* PROBLEM
Write down, unchanged, the entries from the first line through the line holding "Hakka Steamed Pork Belly with Taro". Include no other line.

* THE DATA

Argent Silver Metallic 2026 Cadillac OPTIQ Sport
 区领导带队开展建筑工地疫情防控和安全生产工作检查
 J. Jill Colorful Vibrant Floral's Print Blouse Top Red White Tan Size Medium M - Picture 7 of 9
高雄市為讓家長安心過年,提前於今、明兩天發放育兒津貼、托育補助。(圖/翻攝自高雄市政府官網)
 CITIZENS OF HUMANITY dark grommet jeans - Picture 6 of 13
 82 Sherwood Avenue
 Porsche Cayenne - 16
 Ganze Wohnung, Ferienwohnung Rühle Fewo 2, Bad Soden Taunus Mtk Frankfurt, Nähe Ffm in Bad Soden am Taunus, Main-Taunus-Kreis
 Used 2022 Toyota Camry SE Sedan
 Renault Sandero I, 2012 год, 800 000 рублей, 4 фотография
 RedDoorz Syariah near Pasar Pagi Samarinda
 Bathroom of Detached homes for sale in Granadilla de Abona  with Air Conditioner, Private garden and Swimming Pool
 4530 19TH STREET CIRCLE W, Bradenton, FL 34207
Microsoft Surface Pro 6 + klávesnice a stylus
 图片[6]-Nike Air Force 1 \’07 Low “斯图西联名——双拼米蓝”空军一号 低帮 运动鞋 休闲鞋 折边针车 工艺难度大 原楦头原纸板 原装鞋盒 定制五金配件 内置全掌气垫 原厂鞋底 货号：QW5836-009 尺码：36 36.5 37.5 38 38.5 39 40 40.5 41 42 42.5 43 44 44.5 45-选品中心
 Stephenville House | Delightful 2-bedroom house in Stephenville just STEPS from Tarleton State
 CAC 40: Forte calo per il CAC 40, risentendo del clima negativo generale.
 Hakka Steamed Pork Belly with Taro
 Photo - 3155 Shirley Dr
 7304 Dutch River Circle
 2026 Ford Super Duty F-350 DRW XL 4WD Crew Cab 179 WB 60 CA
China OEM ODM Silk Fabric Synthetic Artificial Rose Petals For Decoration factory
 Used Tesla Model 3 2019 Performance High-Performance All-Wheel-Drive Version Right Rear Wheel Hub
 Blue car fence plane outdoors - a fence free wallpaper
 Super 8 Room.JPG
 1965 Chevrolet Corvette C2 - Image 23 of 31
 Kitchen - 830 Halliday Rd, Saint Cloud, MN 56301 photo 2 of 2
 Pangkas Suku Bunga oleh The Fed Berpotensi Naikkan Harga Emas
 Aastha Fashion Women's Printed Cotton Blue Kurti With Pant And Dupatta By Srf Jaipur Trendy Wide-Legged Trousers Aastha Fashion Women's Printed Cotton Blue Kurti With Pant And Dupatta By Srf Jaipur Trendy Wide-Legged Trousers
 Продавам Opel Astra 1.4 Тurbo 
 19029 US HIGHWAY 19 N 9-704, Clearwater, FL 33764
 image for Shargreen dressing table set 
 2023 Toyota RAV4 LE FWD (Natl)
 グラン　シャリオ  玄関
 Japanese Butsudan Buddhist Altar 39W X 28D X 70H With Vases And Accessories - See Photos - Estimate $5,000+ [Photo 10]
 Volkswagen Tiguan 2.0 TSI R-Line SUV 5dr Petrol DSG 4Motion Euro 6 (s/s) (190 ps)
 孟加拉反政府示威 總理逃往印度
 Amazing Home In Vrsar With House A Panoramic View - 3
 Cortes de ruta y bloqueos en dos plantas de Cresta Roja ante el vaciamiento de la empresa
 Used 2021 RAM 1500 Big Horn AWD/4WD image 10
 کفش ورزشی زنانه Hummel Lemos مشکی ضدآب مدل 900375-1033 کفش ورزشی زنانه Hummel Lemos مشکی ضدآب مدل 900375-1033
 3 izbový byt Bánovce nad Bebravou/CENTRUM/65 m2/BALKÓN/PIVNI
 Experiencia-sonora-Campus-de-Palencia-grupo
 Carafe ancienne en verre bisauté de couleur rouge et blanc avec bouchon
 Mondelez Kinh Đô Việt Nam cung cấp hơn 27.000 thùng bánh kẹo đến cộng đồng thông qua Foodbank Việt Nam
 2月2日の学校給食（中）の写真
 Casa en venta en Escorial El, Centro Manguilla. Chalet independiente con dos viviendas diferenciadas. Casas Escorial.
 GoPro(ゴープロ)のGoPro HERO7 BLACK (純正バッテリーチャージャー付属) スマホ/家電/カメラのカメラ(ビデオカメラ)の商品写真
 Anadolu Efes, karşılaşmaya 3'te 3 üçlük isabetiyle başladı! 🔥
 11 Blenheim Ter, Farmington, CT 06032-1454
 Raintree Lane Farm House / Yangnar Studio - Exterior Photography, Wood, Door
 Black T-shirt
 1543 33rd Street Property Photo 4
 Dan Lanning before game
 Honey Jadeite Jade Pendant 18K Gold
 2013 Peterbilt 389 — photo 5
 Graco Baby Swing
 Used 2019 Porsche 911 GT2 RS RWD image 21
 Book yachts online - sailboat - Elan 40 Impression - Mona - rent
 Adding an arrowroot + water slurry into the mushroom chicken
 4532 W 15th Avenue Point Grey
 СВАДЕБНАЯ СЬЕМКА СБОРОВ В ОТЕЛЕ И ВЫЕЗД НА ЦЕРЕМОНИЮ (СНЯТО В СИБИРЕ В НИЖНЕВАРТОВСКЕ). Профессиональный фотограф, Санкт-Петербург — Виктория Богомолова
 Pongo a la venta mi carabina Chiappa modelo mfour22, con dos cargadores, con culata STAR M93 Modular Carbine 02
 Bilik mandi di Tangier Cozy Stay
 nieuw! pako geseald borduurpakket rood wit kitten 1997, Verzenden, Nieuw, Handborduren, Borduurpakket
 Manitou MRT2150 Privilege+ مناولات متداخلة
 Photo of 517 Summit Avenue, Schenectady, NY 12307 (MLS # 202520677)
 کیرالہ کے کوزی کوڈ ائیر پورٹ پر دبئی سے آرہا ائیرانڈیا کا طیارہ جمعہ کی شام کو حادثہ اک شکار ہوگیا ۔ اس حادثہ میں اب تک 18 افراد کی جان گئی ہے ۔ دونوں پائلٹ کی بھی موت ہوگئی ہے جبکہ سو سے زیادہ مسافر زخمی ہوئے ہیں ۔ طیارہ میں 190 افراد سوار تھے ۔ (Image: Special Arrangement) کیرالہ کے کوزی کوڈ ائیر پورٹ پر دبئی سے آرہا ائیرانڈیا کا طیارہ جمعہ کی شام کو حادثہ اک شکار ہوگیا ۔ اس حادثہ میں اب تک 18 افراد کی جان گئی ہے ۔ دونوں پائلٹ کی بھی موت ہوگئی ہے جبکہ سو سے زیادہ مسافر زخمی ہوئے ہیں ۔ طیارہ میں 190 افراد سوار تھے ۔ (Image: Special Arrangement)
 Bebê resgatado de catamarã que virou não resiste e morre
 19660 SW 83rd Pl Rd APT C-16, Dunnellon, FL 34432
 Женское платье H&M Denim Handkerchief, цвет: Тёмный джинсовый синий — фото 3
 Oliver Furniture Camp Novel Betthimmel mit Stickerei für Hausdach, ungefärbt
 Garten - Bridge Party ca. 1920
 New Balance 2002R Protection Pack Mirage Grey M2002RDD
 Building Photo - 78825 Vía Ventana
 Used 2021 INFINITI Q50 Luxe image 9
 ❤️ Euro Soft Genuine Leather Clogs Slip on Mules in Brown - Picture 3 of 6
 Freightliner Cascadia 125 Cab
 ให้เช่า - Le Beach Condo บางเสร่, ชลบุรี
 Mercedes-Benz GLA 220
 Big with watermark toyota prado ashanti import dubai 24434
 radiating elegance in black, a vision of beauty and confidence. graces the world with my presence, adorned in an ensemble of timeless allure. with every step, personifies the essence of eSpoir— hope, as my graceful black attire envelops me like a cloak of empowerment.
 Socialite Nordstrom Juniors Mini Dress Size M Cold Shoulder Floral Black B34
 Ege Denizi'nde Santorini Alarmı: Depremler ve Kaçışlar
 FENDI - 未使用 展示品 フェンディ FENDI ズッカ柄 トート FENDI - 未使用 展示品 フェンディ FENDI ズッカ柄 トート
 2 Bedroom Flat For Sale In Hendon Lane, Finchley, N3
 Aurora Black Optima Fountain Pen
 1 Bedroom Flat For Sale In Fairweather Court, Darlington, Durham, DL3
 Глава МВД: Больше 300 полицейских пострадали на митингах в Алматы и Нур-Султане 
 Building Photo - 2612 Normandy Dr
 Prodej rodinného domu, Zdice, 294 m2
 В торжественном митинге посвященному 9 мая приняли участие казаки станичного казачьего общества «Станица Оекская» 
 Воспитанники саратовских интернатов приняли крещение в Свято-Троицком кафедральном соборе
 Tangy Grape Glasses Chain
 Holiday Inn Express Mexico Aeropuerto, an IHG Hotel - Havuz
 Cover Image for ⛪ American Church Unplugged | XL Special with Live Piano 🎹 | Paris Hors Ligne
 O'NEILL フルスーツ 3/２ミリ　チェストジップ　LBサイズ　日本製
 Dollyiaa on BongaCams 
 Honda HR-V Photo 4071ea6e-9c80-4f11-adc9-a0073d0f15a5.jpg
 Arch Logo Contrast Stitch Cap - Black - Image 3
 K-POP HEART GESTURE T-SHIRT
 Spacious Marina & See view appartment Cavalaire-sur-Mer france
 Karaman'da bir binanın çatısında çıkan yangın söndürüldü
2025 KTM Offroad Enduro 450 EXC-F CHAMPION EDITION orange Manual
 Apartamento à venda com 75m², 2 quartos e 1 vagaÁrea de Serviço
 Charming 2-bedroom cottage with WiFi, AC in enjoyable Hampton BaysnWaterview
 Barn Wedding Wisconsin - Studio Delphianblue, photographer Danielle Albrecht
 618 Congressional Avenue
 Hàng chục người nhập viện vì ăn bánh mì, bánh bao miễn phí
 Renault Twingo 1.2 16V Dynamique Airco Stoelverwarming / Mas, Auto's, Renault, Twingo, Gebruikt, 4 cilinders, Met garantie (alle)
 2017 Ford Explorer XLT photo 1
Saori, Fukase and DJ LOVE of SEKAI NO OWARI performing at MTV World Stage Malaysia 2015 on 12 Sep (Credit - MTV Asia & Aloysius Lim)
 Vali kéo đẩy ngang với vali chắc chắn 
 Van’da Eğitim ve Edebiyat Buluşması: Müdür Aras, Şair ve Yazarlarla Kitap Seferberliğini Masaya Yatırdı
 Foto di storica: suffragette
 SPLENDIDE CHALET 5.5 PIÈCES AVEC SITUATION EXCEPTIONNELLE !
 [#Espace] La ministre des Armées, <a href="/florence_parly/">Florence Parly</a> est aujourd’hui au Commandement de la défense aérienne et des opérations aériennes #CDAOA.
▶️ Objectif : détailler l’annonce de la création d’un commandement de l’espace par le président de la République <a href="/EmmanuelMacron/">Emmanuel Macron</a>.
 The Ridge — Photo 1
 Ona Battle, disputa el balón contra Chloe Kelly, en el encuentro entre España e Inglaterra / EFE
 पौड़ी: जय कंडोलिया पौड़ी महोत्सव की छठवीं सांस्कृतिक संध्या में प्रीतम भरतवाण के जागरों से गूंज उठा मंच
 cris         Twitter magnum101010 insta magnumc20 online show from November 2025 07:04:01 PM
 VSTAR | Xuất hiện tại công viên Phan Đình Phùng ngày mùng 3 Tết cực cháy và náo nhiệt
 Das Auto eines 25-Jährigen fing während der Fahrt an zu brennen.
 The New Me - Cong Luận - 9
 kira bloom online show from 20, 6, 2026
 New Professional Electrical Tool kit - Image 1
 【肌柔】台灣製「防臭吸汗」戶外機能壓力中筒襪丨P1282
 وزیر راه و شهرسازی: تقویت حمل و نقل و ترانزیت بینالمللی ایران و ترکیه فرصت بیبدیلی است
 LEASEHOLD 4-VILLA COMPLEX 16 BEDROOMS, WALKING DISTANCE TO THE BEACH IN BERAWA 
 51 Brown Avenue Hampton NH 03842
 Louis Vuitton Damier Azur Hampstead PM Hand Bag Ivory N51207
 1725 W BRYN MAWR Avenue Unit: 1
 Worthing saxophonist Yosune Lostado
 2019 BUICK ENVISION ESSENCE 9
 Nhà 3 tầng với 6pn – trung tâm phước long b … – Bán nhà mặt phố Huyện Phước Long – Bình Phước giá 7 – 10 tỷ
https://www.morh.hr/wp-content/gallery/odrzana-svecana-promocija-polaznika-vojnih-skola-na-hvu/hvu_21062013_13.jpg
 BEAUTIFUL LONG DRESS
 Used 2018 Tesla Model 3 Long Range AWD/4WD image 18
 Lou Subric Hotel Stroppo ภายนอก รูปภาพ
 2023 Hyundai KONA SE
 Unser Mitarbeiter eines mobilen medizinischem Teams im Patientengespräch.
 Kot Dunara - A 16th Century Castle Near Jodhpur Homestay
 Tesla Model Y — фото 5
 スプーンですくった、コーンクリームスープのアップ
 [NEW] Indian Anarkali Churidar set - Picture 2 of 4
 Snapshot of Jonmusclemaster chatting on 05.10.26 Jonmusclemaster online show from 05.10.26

* EXERCISE OUTPUT
Argent Silver Metallic 2026 Cadillac OPTIQ Sport
 区领导带队开展建筑工地疫情防控和安全生产工作检查
 J. Jill Colorful Vibrant Floral's Print Blouse Top Red White Tan Size Medium M - Picture 7 of 9
高雄市為讓家長安心過年,提前於今、明兩天發放育兒津貼、托育補助。(圖/翻攝自高雄市政府官網)
 CITIZENS OF HUMANITY dark grommet jeans - Picture 6 of 13
 82 Sherwood Avenue
 Porsche Cayenne - 16
 Ganze Wohnung, Ferienwohnung Rühle Fewo 2, Bad Soden Taunus Mtk Frankfurt, Nähe Ffm in Bad Soden am Taunus, Main-Taunus-Kreis
 Used 2022 Toyota Camry SE Sedan
 Renault Sandero I, 2012 год, 800 000 рублей, 4 фотография
 RedDoorz Syariah near Pasar Pagi Samarinda
 Bathroom of Detached homes for sale in Granadilla de Abona  with Air Conditioner, Private garden and Swimming Pool
 4530 19TH STREET CIRCLE W, Bradenton, FL 34207
Microsoft Surface Pro 6 + klávesnice a stylus
 图片[6]-Nike Air Force 1 \’07 Low “斯图西联名——双拼米蓝”空军一号 低帮 运动鞋 休闲鞋 折边针车 工艺难度大 原楦头原纸板 原装鞋盒 定制五金配件 内置全掌气垫 原厂鞋底 货号：QW5836-009 尺码：36 36.5 37.5 38 38.5 39 40 40.5 41 42 42.5 43 44 44.5 45-选品中心
 Stephenville House | Delightful 2-bedroom house in Stephenville just STEPS from Tarleton State
 CAC 40: Forte calo per il CAC 40, risentendo del clima negativo generale.
 Hakka Steamed Pork Belly with Taro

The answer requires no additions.